START EXTRACTED DATA
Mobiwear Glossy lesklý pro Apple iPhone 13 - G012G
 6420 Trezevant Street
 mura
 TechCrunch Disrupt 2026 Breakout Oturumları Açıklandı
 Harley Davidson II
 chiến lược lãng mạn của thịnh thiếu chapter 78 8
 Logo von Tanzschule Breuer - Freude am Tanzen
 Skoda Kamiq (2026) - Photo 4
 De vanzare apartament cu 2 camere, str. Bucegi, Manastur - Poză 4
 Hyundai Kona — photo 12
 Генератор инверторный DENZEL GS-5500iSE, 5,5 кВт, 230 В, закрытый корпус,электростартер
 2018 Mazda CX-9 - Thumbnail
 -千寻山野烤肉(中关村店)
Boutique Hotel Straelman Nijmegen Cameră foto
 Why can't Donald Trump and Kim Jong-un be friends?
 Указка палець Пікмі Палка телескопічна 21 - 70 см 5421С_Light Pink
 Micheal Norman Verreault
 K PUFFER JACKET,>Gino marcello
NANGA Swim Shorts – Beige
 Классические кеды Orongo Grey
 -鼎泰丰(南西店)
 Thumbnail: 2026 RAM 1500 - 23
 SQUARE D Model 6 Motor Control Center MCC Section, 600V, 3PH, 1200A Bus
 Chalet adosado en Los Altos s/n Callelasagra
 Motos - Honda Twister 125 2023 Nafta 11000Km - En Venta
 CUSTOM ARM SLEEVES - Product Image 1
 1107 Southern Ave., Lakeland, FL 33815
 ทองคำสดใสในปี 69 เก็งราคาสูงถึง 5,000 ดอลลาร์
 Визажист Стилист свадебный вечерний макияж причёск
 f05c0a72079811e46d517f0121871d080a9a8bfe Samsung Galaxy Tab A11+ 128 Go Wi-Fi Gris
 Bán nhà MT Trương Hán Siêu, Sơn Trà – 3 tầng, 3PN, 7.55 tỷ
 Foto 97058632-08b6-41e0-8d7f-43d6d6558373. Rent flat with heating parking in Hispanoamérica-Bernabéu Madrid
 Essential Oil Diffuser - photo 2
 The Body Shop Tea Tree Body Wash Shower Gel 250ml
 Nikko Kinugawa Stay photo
END EXTRACTED DATA
Output the lines from the one with "Thumbnail: 2026 RAM 1500 - 23" to the final line of the entries above, exactly as they stand, please, and nothing else.

 Thumbnail: 2026 RAM 1500 - 23
 SQUARE D Model 6 Motor Control Center MCC Section, 600V, 3PH, 1200A Bus
 Chalet adosado en Los Altos s/n Callelasagra
 Motos - Honda Twister 125 2023 Nafta 11000Km - En Venta
 CUSTOM ARM SLEEVES - Product Image 1
 1107 Southern Ave., Lakeland, FL 33815
 ทองคำสดใสในปี 69 เก็งราคาสูงถึง 5,000 ดอลลาร์
 Визажист Стилист свадебный вечерний макияж причёск
 f05c0a72079811e46d517f0121871d080a9a8bfe Samsung Galaxy Tab A11+ 128 Go Wi-Fi Gris
 Bán nhà MT Trương Hán Siêu, Sơn Trà – 3 tầng, 3PN, 7.55 tỷ
 Foto 97058632-08b6-41e0-8d7f-43d6d6558373. Rent flat with heating parking in Hispanoamérica-Bernabéu Madrid
 Essential Oil Diffuser - photo 2
 The Body Shop Tea Tree Body Wash Shower Gel 250ml
 Nikko Kinugawa Stay photo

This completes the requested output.